In "All the Dead Pilots," this soldier, wearing "a peasant's smock" rather than a uniform (519), drives Sartoris back to the squadron after he finds and takes Spoomer's clothes from 'Toinette's room in Amiens.
"Kit" is the nickname given by the soldiers and aviators in "All the Dead Pilots" to the "girl" Sartoris has in London (514). They derive it, derogatorily, from General Kitchener - "because she had such a mob of soldiers" (514). The narrator and Ffollansbye don't know whether Sartoris knew about her reputation, but they bear witness to Sartoris' rage and grief after she "goes off" with Spoomer (514).
Sartoris drunkenly tries to work off his resentment toward Spoomer in "All the Dead Pilots" by making this corporal - "who was an ex-professional boxer" - wear a captain's uniform and pretend to be "Cap'm Spoomer" while fighting him with his fists (514).
In Sartoris' memory of his training as an aviator in "All the Dead Pilots," this man, who seems like a figure in a tall tale, was injured when "a cadet crashed on top of him" during flying practice in Canada (526).
In defense of his drunken strafing of troops at the front in "All the Dead Pilots," Sartoris reminds himself of this Canadian cadet aviator, who crashed his plane on a farmer during training (526).

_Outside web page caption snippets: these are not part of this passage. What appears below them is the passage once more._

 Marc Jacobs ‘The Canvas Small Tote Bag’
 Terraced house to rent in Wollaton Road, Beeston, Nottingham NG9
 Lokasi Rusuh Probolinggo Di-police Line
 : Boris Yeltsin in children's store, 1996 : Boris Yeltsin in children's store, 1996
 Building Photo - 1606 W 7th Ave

This soldier with a "raised moustached face" in "All the Dead Pilots" (524) is "drinking from a bottle in a doorway" of the estaminet when Sartoris arrives there in search of Spoomer (522). Sartoris has to fight him in order to leave the place.

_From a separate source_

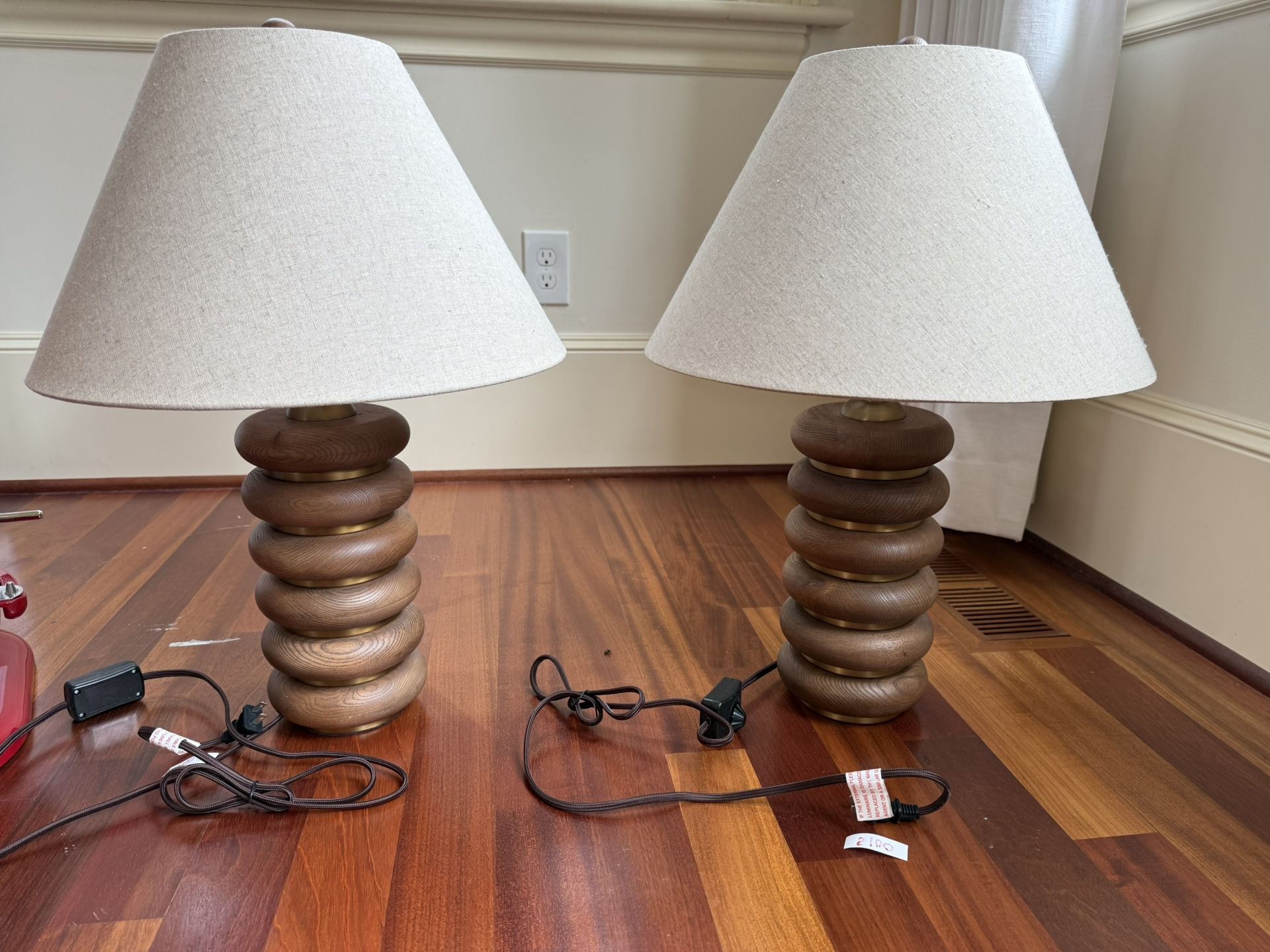 Furniture & Kitchen Goods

In "All the Dead Pilots," these soldiers - "the enlisted element of the whole sector of French and British troops" - are fascinated with the rivalry between Sartoris and Spoomer, two officers who find 'Toinette in a bar "where officers did not go" (516). They discuss it frequently and even make bets it.
In "All the Dead Pilots" this "Anzac major" sends the drunk ambulance driver back to his unit (527). (Anzac, sometimes written ANZAC, stands for 'Australian and New Zealand Army," to which many of the Allied troops fighting around Amiens belonged.)
After Sartoris' trick in "All the Dead Pilots," "the brigadier and the Wing Commander" arrive at the squadron's aerodrome to investigate (527). Historically, Wing Commanders were in charge of multiple squadroons. That the high command would personally see to the Sartoris-Spoomer rivalry speaks to the influence of Spoomer's uncle, himself a brigadier general in a different branch of the British military.